After granting en banc rehearing and ordering that the panel decision not be cited, 714 F.3d 1134 (April 25, 2013), the en banc court found reasonable suspicion. 738 F.3d 1074 (Dec. 24, 2013) (Pregerson, Reinhardt, Thomas, J.J., dissenting). The court noted that reasonable suspicion requires more than a hunch but less than probable cause and “is not a particularly high threshold to reach.” 738 F.3d at 1078. The court observed that the correct approach “precludes a ‘divide-and-conquer analysis’ because even though each of the suspect’s ‘acts was perhaps innocent in itself . . . taken together, they [may] warrant[] further investigation.” Ibid., quoting Arvizu, 534 U.S. at 274. “The nature of the totality-of-the circumstances analysis also precludes us from holding that certain factors are presumptively given no weight without considering those factors in the full context of each particular case.” 738 F.3d at 1079. Proper evaluation “cannot be done in the abstract by divorcing factors from their context in the stop at issue.” Id.

“And the facts must be filtered through the lens of the agents’ training and experience.” Ibid. The en banc court stated that the district court’s findings were not clearly erroneous and that, given the totality of the circumstances, “many of the facts found relevant by the district court are highly probative in our view as well.” Ibid. “In light of the totality of the circumstances, giving due weight to the agents’ experience and reasonable deductions, we hold that the agents had a reasonable, particularized basis. . . .” Id. at 1080. There is no need for an officer to rule out an innocent explanation; . . . [a] series of innocent acts may be enough for reasonable suspicion. . . .” Ibid. “We need not decide whether any single fact would be enough to support suspicion because we are not called upon to review single facts in isolation.” Id. at 1081.

The threshold for according deference to agency adverse credibility findings should be even lower, because the substantial evidence standard – a more deferential standard – applies to them.

By statute, “the administrative findings of fact [underlying an immigration petition for review] are conclusive unless any reasonable adjudicator would be compelled to conclude to the contrary.” 8 U.S.C. 1252(b)(4)(B).

The relevance of Arvizu is particularly strong in petition for review cases in which the REAL ID Act applies, i.e., cases in which an application for asylum, withholding, and/or protection under the Convention Against Torture originally was filed on or after May 11, 2005. Section 101(a)(3)(B)(iii) of the REAL ID Act added new language to the INA on the subject of credibility determinations. That language begins: “Considering the totality of the circumstances, and all relevant factors. . . .” 8 U.S.C. 1158(b)(1)(B)(iii) (asylum). See also 8 U.S.C. 1231(b) (3 (C) (withholding); 8 C.F.R. 208.16 (b) (Convention Against Torture).
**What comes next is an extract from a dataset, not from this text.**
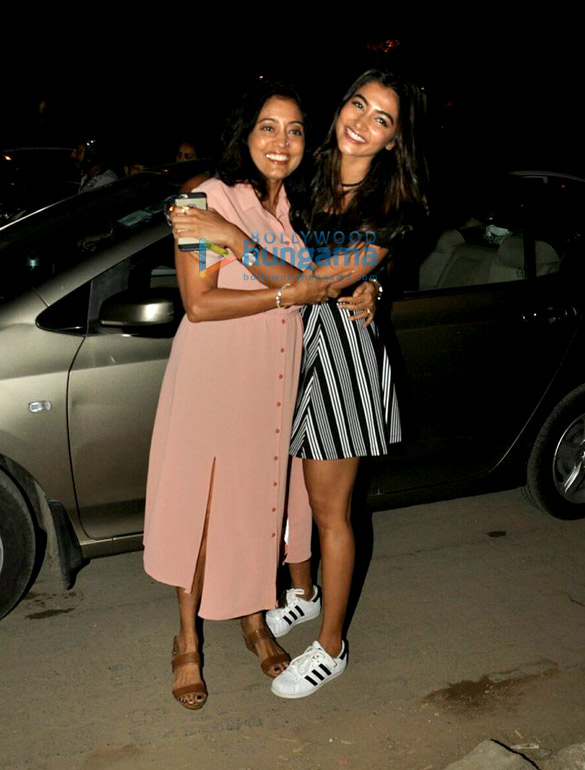 pooja hegde snapped with her parent out for dinner on mothers day 3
How Can IJ Find Lack of Credibility?

THREE MAIN REASONS

1. Lack of Detail

If the Applicant provides answers that lack specific details, dates, times, descriptions of people and what they were wearing, etc.

This is probably the most common reason cited.

2. Implausibility

The story the Applicant tells seems implausible.

3. Inconsistencies

Testimony in Court is not consistent with written statement, I-589, or what was said at credible fear interview. Or something you said in the beginning of your testimony does not match something you said later in your testimony.

This is probably tied for the most common reason cited.